虽然刚开业,但这棺材巷凶名在外,普通人避之不及。

接下来一段时间,别说生意

怕是连个问路的都没有,正好腾出时间。

“与其坐以待毙,不如主动出击。”

陈九源关上店门,挂上外出问诊的木牌,转身走出门

----

隔壁往生极乐寿衣店的老板老刘,正半个身子缩在自家门板后。

他手里抓着一把浆糊,往纸扎人的竹篾骨架上抹。

浆糊有些发馊,但他闻惯了。

老刘那双三角眼,时不时瞥向隔壁那块金丝楠木的招牌。

“金丝楠木……做棺材多好。

挂墙上暴殄天物!!”

老刘心里盘算着这块木料的成色。

棺材巷这地界,左边废弃义庄,右边棺材铺送行,阴气重得连野狗路过都要夹着尾巴。

大早上的,跛脚虎那阵仗确实吓人。

那帮烂仔手里的刀也是真家伙。

可这热闹一散,这间新开的风水堂看着比他的寿衣店还冷清。

老刘把纸人的脑袋安上去,用力按了按。

“年轻人火气旺,不知死活。”

随后又用沾满浆糊的手指,在鞋底蹭了蹭。

他喃喃自语道:“我看这后生仔撑不过三个月。

到时候这铺面还得空出来,正好盘下来给我当堆棺材板的库房。

那块招牌……磨一磨还能给有钱人做个骨灰盒。”

老刘正嘀咕着,就见陈九源推门出来了。

陈九源换了一身长衫,手里提着一个空的竹篮。

虽然脸色依旧苍白,但那种读书人的卷书气

在这满地污泥的巷子里显得格格不入。

他路过寿衣店门口时,脚步微顿。

陈九源对着缩在门板后的老刘微微颔首:“刘老板,早。

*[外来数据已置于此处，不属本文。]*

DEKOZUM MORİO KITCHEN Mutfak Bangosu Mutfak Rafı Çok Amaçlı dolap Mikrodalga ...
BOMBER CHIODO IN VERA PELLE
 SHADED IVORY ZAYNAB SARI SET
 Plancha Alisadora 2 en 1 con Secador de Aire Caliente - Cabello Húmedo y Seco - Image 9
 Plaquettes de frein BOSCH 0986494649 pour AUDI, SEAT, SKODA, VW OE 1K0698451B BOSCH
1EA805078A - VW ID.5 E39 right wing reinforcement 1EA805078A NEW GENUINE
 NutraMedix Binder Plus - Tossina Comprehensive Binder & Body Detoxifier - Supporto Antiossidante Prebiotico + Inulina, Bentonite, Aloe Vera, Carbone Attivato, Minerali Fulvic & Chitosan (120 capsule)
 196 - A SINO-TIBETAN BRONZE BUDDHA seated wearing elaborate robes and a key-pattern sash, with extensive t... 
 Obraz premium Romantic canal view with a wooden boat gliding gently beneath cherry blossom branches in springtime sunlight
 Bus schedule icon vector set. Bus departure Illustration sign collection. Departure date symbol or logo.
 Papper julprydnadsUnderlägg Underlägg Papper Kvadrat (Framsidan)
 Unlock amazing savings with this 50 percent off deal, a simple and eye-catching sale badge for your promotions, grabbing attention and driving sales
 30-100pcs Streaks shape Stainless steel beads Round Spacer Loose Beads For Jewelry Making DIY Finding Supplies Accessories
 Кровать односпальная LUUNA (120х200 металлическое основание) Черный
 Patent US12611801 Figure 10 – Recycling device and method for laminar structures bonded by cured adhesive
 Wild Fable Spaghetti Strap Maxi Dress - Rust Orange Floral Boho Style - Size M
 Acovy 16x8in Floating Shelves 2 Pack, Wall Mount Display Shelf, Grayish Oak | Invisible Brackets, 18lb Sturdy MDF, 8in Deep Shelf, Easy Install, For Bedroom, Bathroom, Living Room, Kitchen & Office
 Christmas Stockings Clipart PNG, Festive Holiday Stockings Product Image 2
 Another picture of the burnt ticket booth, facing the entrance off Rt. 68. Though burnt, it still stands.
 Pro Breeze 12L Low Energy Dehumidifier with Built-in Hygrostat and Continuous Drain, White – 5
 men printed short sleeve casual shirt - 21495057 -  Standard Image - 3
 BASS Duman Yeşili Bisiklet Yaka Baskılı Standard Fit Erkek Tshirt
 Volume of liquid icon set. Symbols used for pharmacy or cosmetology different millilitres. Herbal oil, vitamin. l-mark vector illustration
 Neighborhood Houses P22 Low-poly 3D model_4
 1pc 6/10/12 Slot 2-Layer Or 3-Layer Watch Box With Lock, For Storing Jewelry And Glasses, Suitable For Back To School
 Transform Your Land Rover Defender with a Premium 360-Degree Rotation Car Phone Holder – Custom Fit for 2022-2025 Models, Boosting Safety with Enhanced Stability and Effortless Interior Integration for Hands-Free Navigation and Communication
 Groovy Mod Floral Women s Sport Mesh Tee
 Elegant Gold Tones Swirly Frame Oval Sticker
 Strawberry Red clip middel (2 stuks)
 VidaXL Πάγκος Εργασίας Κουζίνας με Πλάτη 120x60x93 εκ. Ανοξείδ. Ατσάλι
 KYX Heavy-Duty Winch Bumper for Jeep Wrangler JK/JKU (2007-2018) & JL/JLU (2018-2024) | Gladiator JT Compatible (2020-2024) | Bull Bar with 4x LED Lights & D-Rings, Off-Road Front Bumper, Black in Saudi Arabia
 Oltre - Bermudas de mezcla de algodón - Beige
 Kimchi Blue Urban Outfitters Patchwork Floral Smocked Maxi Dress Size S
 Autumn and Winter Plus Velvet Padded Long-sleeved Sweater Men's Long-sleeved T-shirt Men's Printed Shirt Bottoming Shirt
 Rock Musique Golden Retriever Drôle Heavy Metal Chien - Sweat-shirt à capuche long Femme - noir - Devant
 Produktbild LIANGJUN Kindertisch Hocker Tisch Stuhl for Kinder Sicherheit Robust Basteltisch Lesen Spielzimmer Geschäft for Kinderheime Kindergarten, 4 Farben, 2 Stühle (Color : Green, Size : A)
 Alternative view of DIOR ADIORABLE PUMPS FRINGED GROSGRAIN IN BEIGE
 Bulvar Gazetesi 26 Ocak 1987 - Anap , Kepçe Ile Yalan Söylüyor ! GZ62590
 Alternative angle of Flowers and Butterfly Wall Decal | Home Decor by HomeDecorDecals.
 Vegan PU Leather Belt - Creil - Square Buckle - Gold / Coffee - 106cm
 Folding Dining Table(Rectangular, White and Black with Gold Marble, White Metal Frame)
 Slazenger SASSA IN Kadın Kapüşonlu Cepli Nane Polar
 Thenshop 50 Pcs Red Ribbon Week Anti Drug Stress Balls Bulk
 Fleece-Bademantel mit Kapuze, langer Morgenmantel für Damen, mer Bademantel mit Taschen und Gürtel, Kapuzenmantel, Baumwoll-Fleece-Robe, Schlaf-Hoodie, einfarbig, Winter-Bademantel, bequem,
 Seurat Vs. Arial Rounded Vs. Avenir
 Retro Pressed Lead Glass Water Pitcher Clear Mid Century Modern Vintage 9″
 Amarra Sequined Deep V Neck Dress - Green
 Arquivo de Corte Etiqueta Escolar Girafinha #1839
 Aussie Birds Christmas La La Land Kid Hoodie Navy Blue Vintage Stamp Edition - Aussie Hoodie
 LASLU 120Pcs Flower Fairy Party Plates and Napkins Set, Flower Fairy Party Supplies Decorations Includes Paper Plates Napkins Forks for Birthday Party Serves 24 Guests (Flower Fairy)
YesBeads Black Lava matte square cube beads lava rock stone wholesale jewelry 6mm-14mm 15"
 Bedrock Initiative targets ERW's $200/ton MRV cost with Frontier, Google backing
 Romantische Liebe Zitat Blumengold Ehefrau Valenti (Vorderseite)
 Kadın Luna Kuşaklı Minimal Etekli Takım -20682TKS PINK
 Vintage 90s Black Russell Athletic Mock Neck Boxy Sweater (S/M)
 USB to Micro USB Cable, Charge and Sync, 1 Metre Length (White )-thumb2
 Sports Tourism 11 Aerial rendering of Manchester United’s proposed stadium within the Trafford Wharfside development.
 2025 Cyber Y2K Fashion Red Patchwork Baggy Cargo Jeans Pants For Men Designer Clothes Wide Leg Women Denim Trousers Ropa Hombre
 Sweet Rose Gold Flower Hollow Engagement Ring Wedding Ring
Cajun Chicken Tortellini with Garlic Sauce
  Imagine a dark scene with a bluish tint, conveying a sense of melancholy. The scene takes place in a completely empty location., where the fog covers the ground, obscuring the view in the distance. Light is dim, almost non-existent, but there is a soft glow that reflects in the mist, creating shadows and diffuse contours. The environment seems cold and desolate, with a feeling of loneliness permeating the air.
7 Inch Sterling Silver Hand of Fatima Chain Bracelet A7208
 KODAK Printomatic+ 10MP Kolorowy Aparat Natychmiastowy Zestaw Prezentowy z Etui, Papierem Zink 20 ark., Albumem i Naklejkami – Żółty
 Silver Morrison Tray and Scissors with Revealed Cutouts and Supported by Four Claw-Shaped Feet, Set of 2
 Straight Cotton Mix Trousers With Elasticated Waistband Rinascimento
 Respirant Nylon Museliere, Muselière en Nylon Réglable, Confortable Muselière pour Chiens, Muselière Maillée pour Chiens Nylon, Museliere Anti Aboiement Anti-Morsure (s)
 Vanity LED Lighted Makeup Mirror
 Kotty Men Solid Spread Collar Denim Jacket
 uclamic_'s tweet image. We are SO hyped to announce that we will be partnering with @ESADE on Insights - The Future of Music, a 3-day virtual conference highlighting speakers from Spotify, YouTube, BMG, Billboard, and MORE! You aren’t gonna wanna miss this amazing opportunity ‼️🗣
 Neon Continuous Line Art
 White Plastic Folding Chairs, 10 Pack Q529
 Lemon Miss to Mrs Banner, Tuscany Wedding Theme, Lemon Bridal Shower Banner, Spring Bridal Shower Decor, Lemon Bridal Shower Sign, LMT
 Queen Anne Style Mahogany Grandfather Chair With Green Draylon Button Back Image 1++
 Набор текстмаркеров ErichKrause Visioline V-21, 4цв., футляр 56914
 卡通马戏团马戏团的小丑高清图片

”

老刘吓了一跳,手里的浆糊抹到了脸上。

他尴尬地挤出一个比哭还难看的笑:

“早……早啊,陈老板。这是去……买菜?”

“买点米。”陈九源语气温和。

但眼神却并未在老刘身上停留,径直走向巷口。

看着陈九源的背影,老刘抹了一把脸上的浆糊。

他啐了一口:“怪人!住在棺材巷,走路不沾泥,身上还没一点活人气。

这哪是开风水堂的,倒象是刚从义庄里爬出来透气的。”

----

接下来的三天,陈九源跑遍了小半个九龙。

上环南北行。

这里是药材集散地,南洋客商聚集。

空气里充斥着胡椒、丁香和陈皮混合的气味。

呛鼻。

陈九源花了大价钱,请几个专门跑南洋航线的老管事在茶楼坐下。

“南洋邪术?”

一个缺了门牙的老管事把一块烧卖塞进嘴里,含糊不清地说道:

“后生仔,那种东西你也敢碰?我劝你少打听。

前年有个跑船的带了个佛牌回来,结果全家死绝。

尸体都发黑,连法医都不敢验尸。”

“我只想知道,有没有懂解这东西的师傅?”

陈九源把一块银元推过去。

老管事收了钱,用指甲剔着牙缝里的肉丝:

“没听说过!那些降头师都在深山老林里,谁会来香江这种地方开堂坐诊?

就算有也是藏着掖着,怕被仇家砍死。”

陈九源离开茶楼,转身去了几家有名的中医馆。

坐堂的老中医把手指搭在他的脉搏上。

三分钟后,老中医眉头紧锁。

“脉象细数,心火亢盛,但底子里透着股阴寒。”

老中医收回手,拿起毛笔。

“后生仔,你这是虚劳过度,还沾了寒湿。

年轻人不要仗着身体好就乱来,房事要节制”

老中医开了几副补气养血的方子,顺便加了一句:

“回去多喝热水,少想那些有的没的。

这世界上哪有什么邪病,都是自己吓自己。”

多喝热水。

陈九源拿着药方出门,随手扔进路边的垃圾桶。

在青霉素都还没普及的年代,指望常规医疗手段解决玄学蛊毒,确实是想多了。

三天一无所获。

体内的蛊虫活动愈发频繁。

那种心悸的感觉,频率在增加。

----

黄昏。

陈九源站在西城的街头。

天色阴沉,雨水将至。

不远处,发财赌坊的金漆招牌在昏暗中闪着光。

正道走不通,只能走偏门。

九龙城寨这种三教九流汇聚的地方,消息最灵通的永远不是正经生意人,而是那些在泥坑里打滚的烂仔。

发财赌坊二楼。

自从上次利市冲煞之后,这里的生意火爆异常。

猪油仔穿着一身大红色的唐装,正翘着二郎腿坐在太师椅上。

----

猪油仔最近看什么都顺眼。

自从陈大师帮他破了那个局,这钱就象流水一样往口袋里钻。

他刚让手下把今天的帐本收进保险柜,正琢磨着晚上去哪个酒楼搓一顿海鲜。

“仔哥,陈大师来了。”门口的小弟通报。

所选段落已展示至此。